Corrosion Inhibition of Mild Steel in Hydrochloric Acid Medium Using Schiff Base Synthesized by Green Approach

Abstract

The (1E)-benzylidene hydrazine was tested as a corrosion inhibitor for mild steel in 0.5 M HCl by using polarization and electrochemical impedance spectroscopy measurements at temperatures 303, 313, 323, and 333 K. The data obtained from those two methods were in good agreement with each other. The effect of an increase in temperature and a change in the concentration of the inhibitor were studied. The inhibition efficiency was found to increase with an increase in the inhibitor concentration.

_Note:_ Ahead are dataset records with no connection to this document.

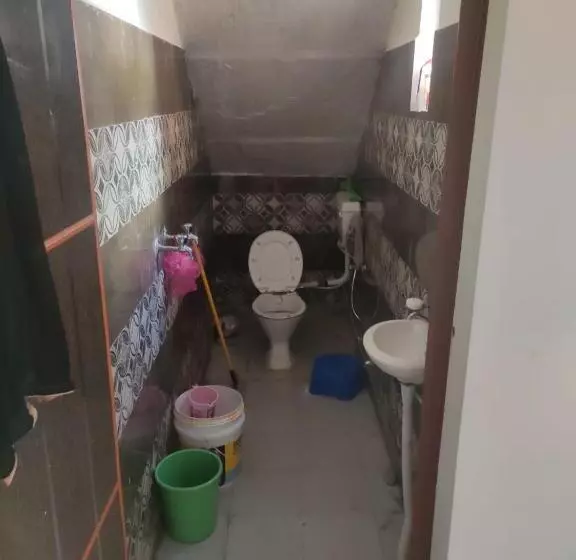 ペンション Nidhivan Homestay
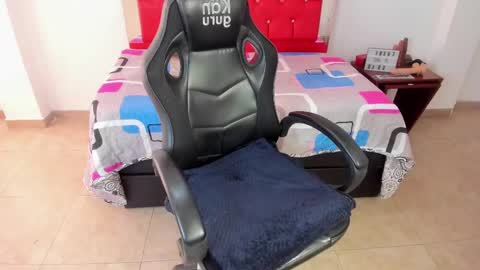          online show from 24, 2, 2025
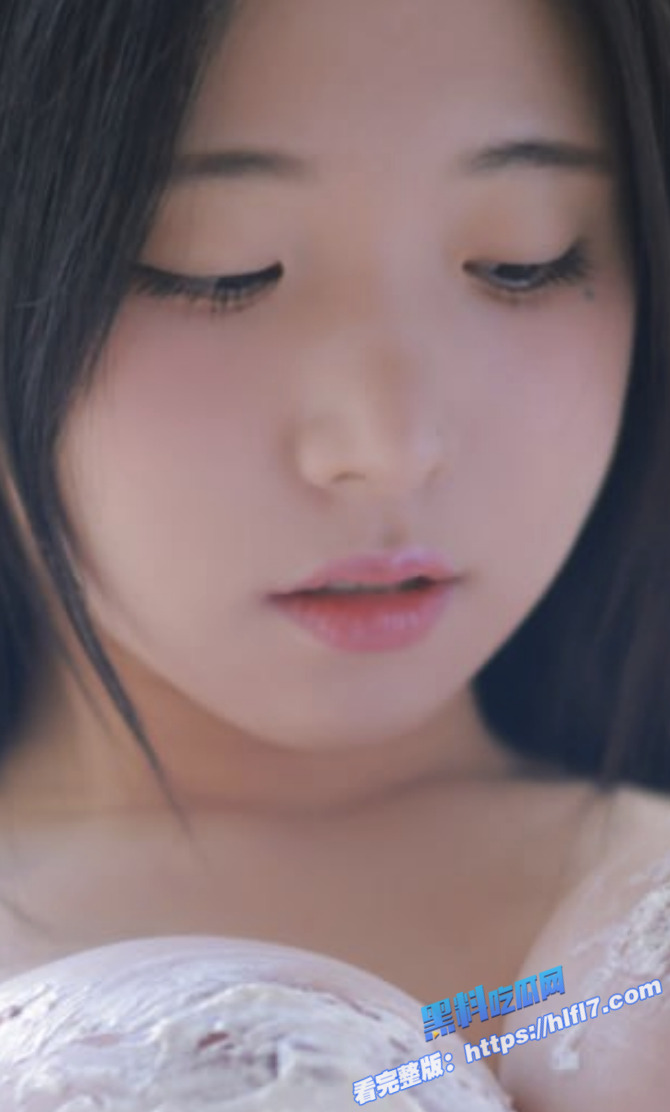 韩国巨乳少女 YeonWoo 研雨 财阀的性奴 不雅写真视频流出 奶子非常坚挺！3
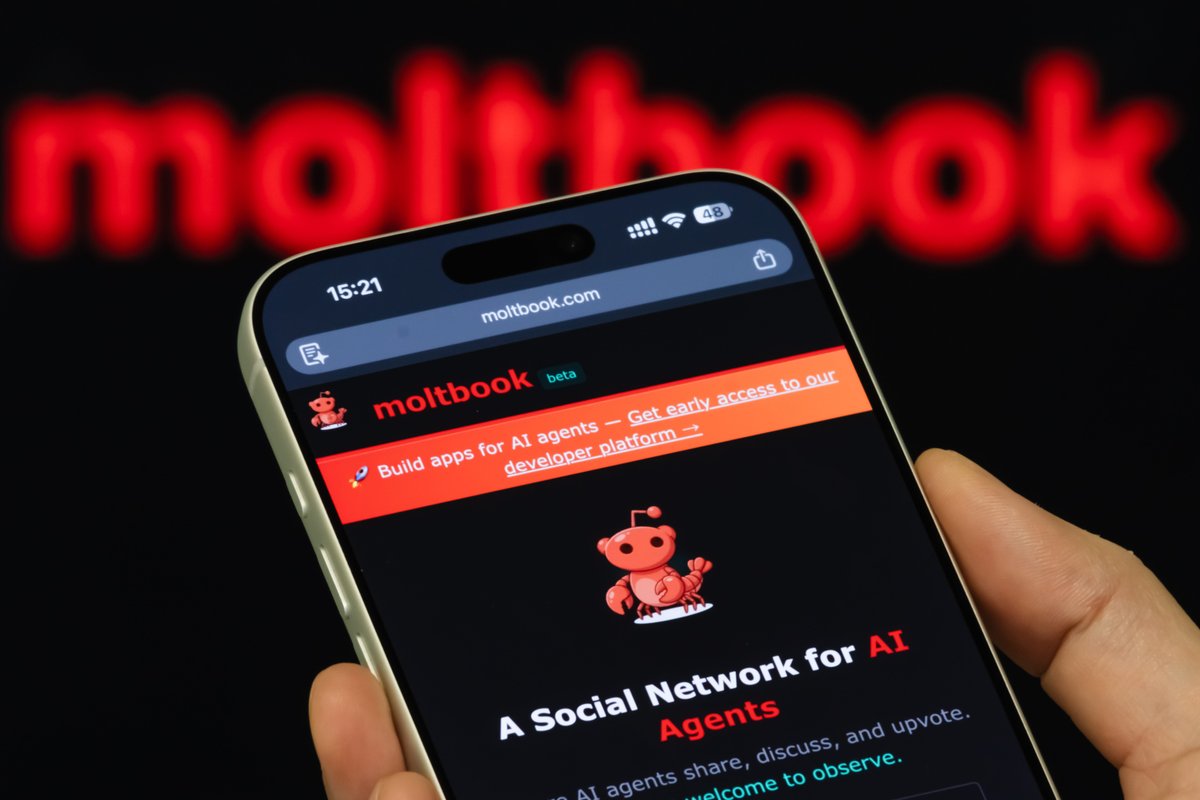 Moltbook'un yaratıcısı, her bireyin kendi platformlarında içerik üreten bir bot sahibi olacağı bir gelecek öngörüyor.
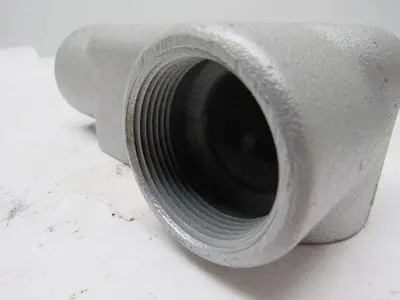 OZ Gedney LR57 CONDUIT BODY 1-1/2" OZGLR57  Form 7 LOT OF 2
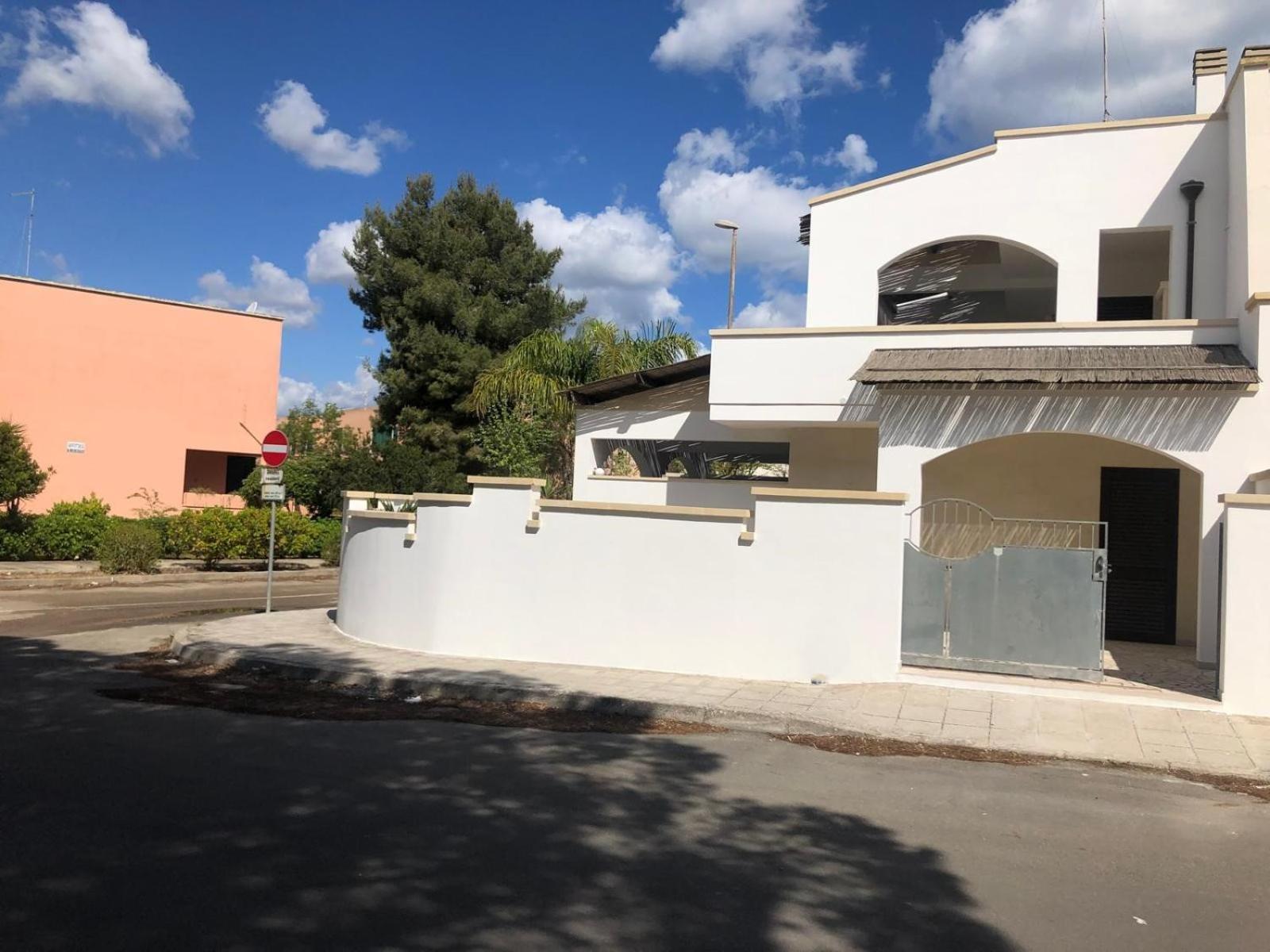 Odegos Mono & Trilo Bed & Breakfast Torre dell'Orso Dış mekan fotoğraf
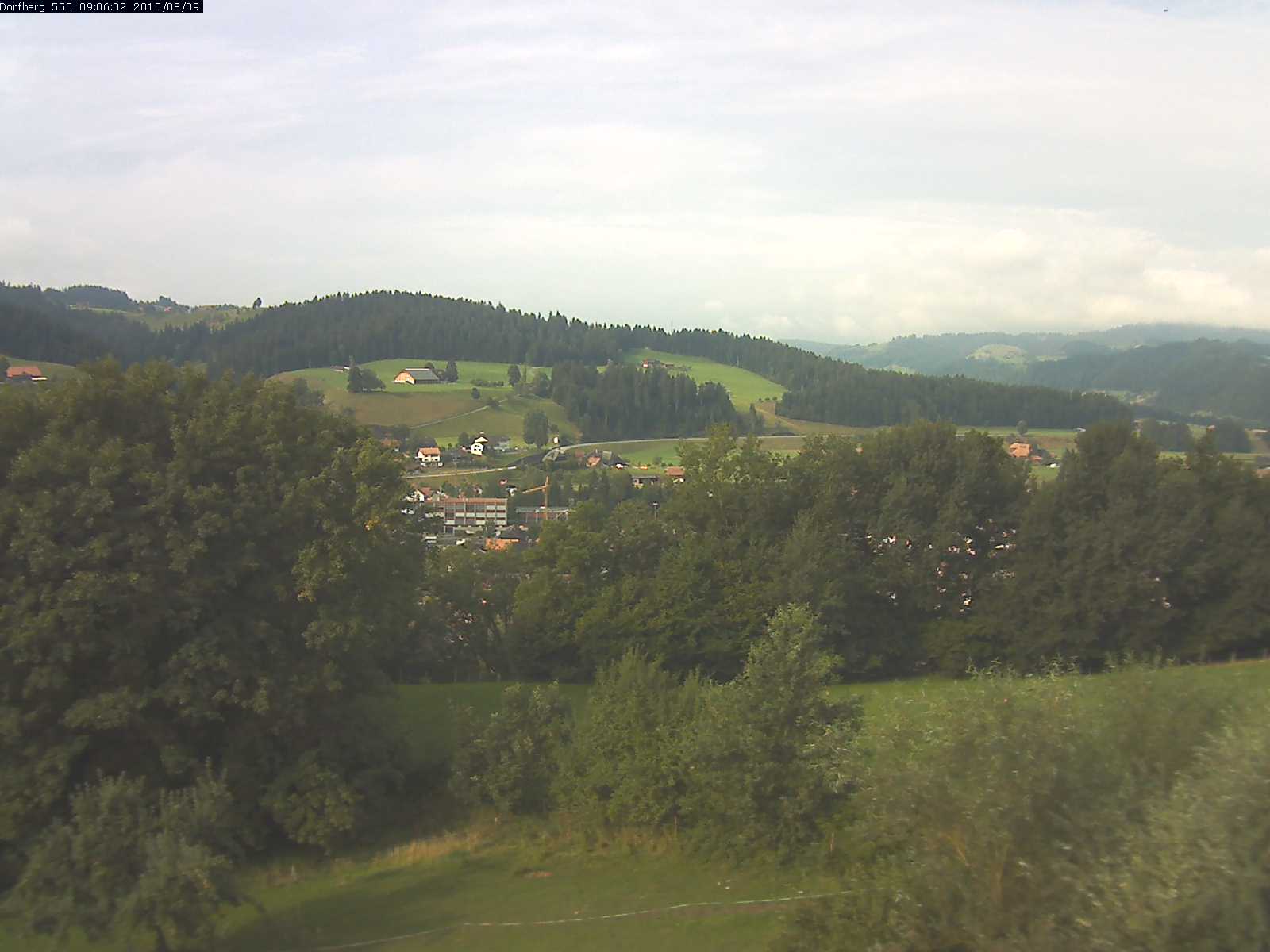 Webcam-Bild: Aussicht vom Dorfberg in Langnau 20150809-090601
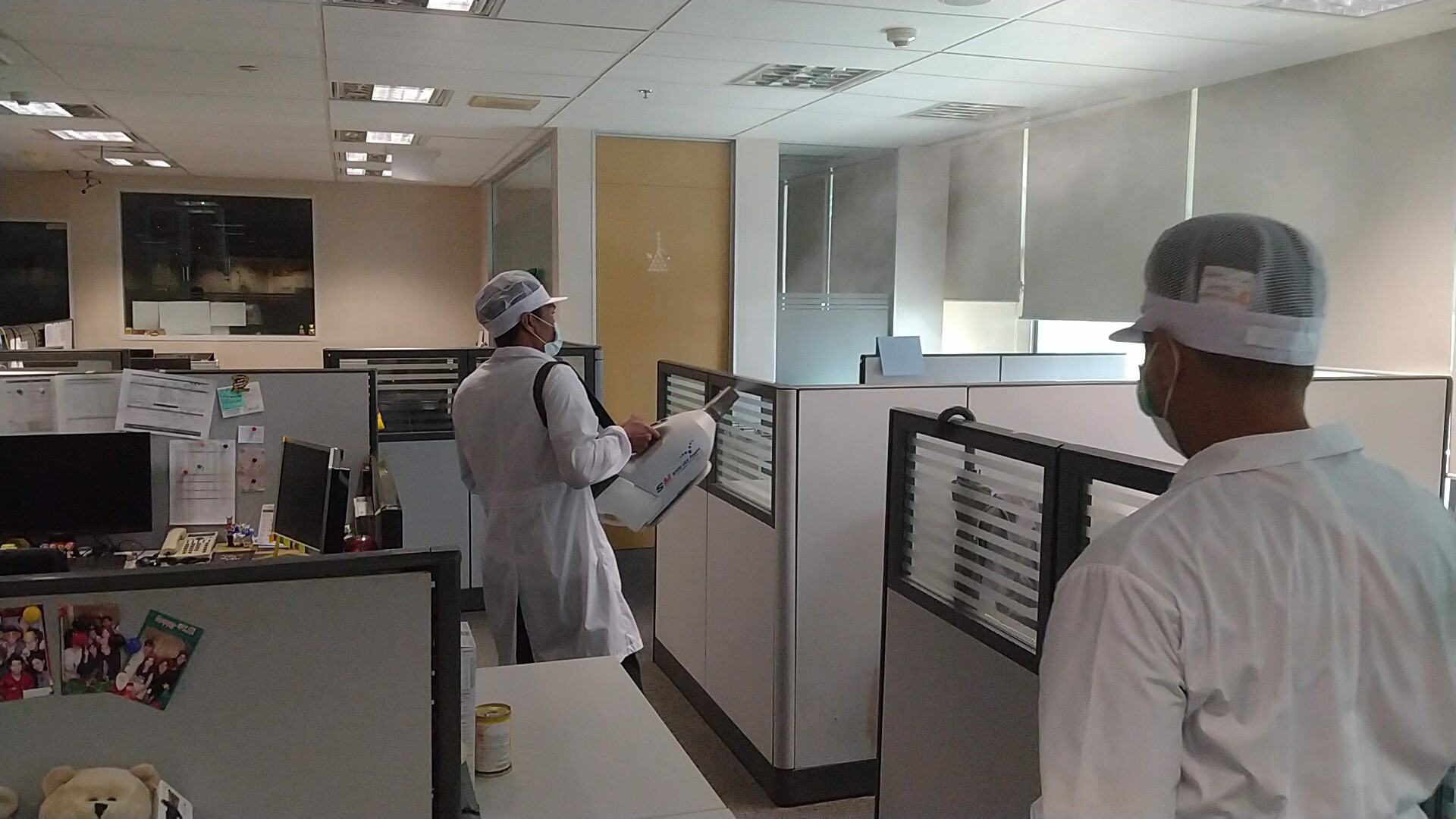 บรืการฉีดพ่นไวรัส-covid-19-ซักร้อนที่นอน-081-735-4812-และอบซักน้ำยาร้อนที่ติดตามม่าน-พรม-โซฟา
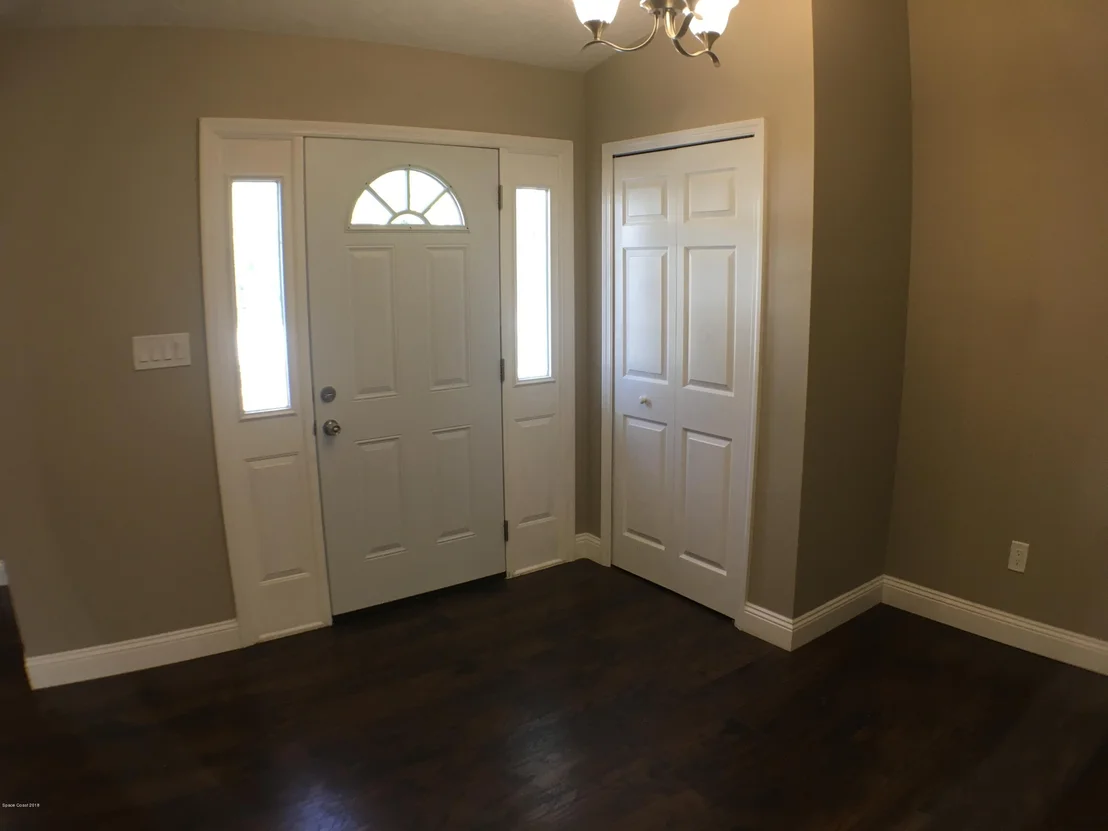 Photo of 6166 Corning Road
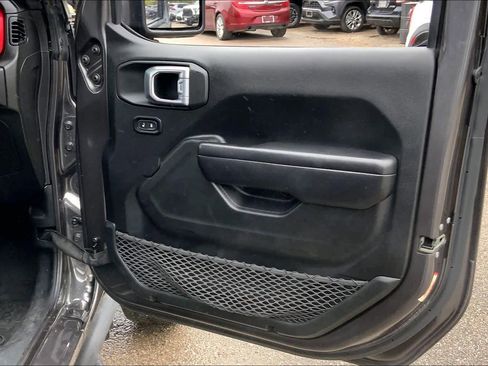 Used 2021 Jeep Wrangler Unlimited Rubicon image 22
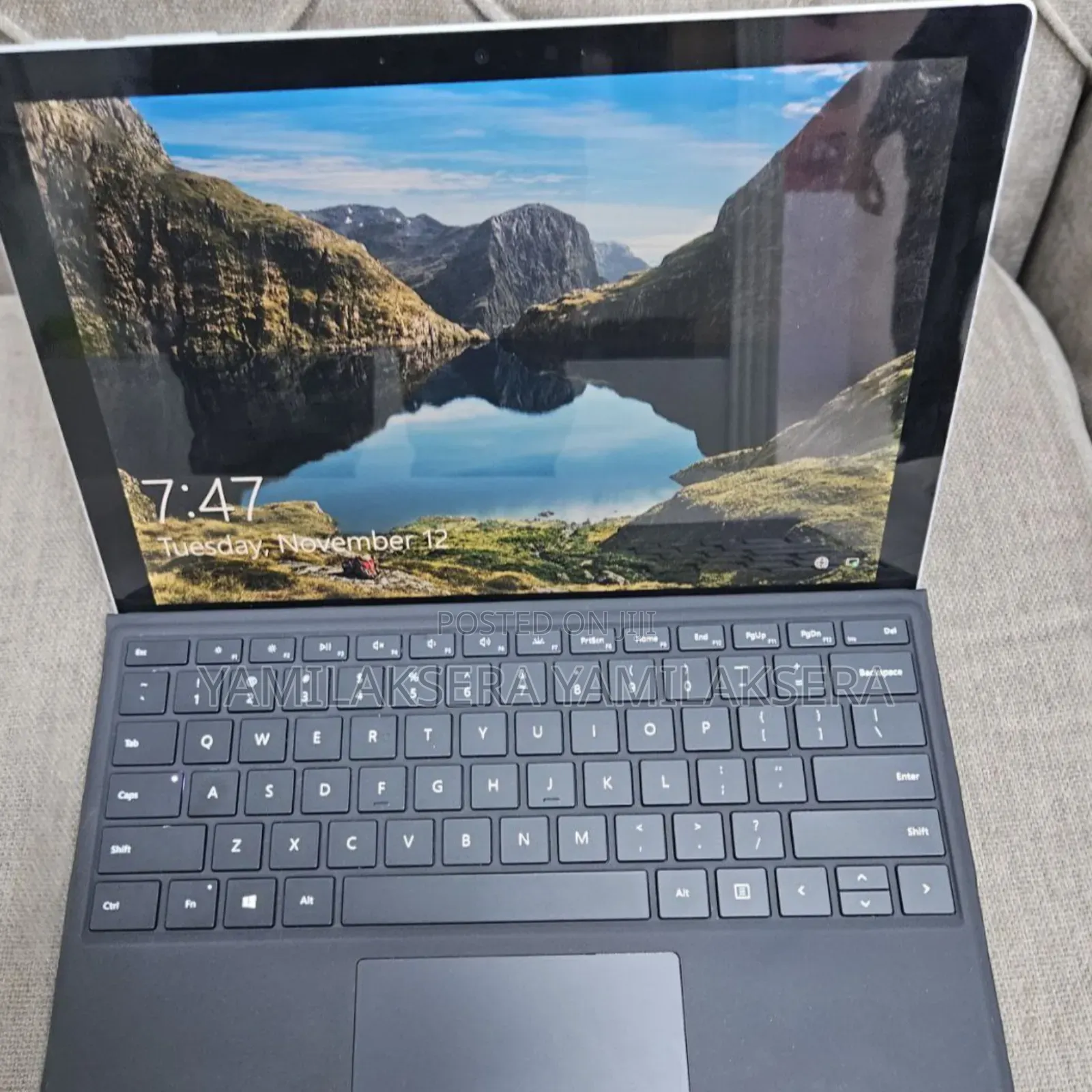 New Laptop Microsoft Surface Pro 7 16GB Intel Core I7 SSD 256GB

The maximum inhibition efficiency of 92% was observed for 500 ppm of the inhibitor at 323 K. Polarization measurements showed that the Schiff base acts as a mixed type of inhibitor involving both physisorption and chemisorption. Temperature studies revealed that the inhibition efficiency increased at temperatures up to 323 K, but, beyond that, the inhibitor efficiency decreased due to the desorption of the inhibitor. The adsorption of (1E)-benzylidene hydrazine on a mild steel surface is an endothermic process and was best described by the Langmuir adsorption isotherm. Both kinetic and thermodynamics adsorption parameters were calculated and discussed. The surface morphology of the uninhibited and inhibited mild steel samples was analyzed using scanning electron microscopy, and energy dispersive X-ray spectroscopy. The results obtained from the quantum chemical analysis are well correlated with other experimental ones.